> [EXERCISE GOAL]: Retyped exactly and without pictures, the lines from the one with "Tims Polo Yaka" through the end of the listing must form the entire answer.

> [THE DATA]:
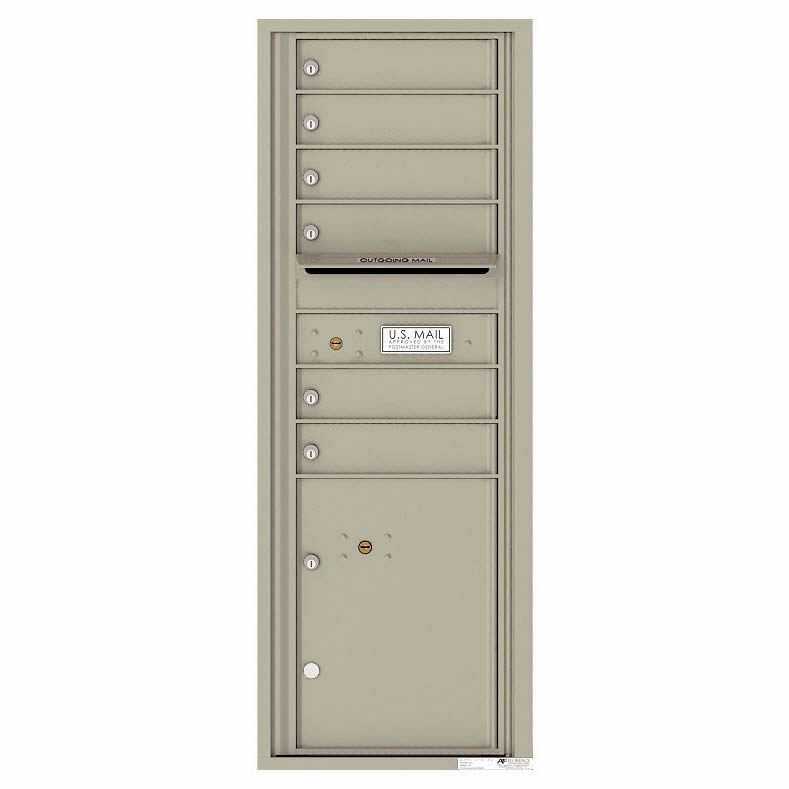 Florence Versatile Front Loading 4C Commercial Mailbox with 6 Tenant Doors and 1 Parcel Lockers 4C13S-06 Postal Grey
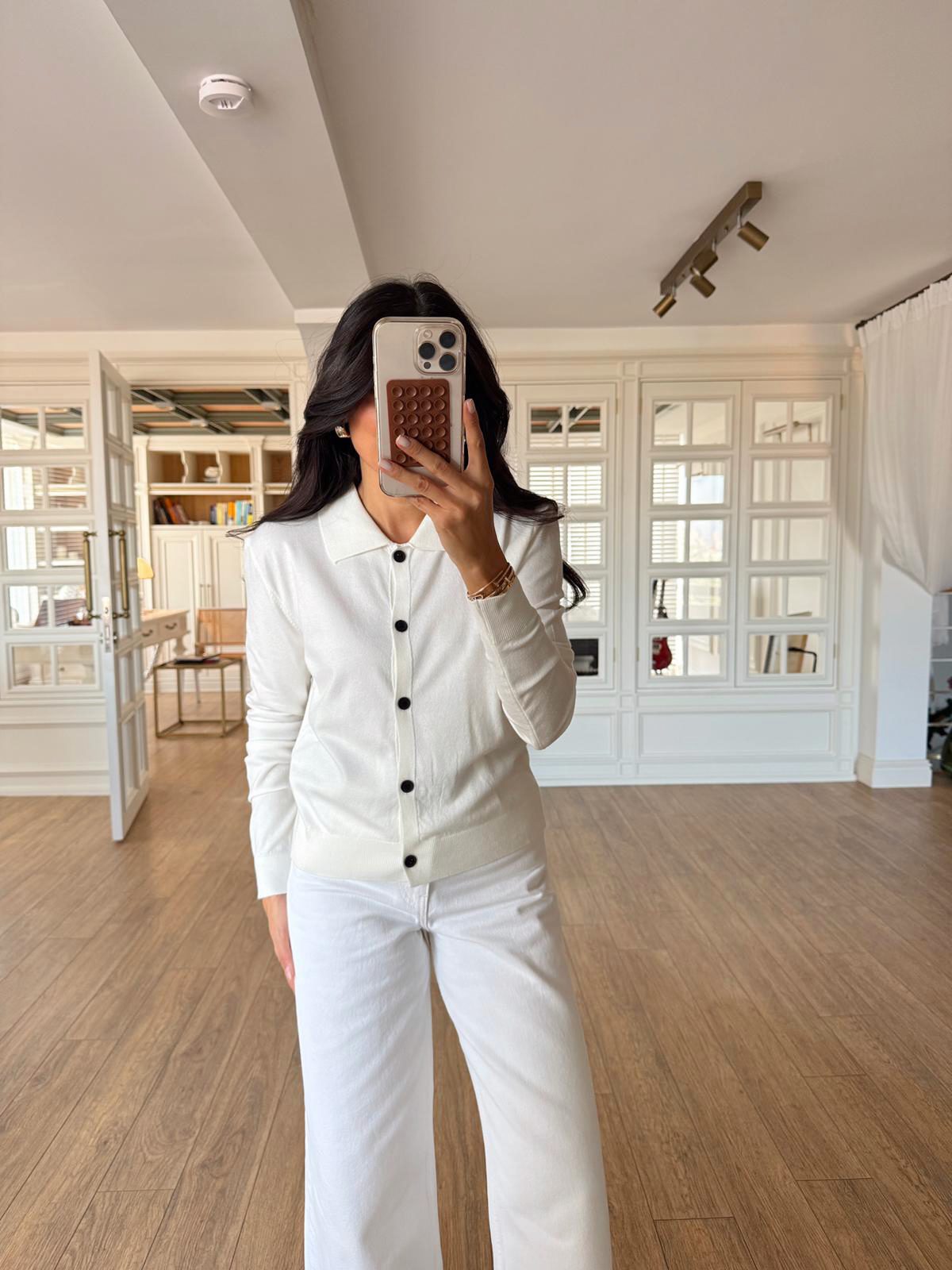 Tims Polo Yaka Düğmeli Triko Hırka - Ekru, Standart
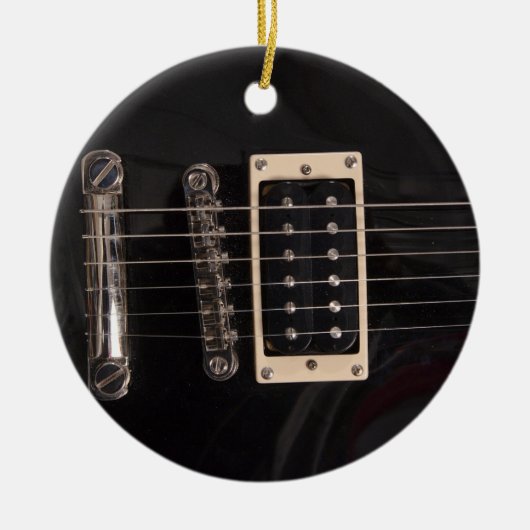 Elegant Black Electric Guitar Ornament (Voorkant)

> [TASK RESULT]:
 Tims Polo Yaka Düğmeli Triko Hırka - Ekru, Standart
 Elegant Black Electric Guitar Ornament (Voorkant)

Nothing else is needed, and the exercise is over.